(ASSIGNMENT) Copy out all lines of the records in which the word "Chapter" appears.

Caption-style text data
--- START ---

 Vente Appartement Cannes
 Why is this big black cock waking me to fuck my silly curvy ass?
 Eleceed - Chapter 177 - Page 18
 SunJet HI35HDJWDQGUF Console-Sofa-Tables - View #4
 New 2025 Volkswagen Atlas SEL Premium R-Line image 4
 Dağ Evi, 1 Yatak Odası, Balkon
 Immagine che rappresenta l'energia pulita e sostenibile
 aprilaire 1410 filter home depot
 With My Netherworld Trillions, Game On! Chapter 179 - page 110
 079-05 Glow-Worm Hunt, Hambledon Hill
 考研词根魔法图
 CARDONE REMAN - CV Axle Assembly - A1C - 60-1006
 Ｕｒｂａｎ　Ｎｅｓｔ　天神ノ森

--- END ---

(OUTPUT FOR THIS TASK)
 Eleceed - Chapter 177 - Page 18
 With My Netherworld Trillions, Game On! Chapter 179 - page 110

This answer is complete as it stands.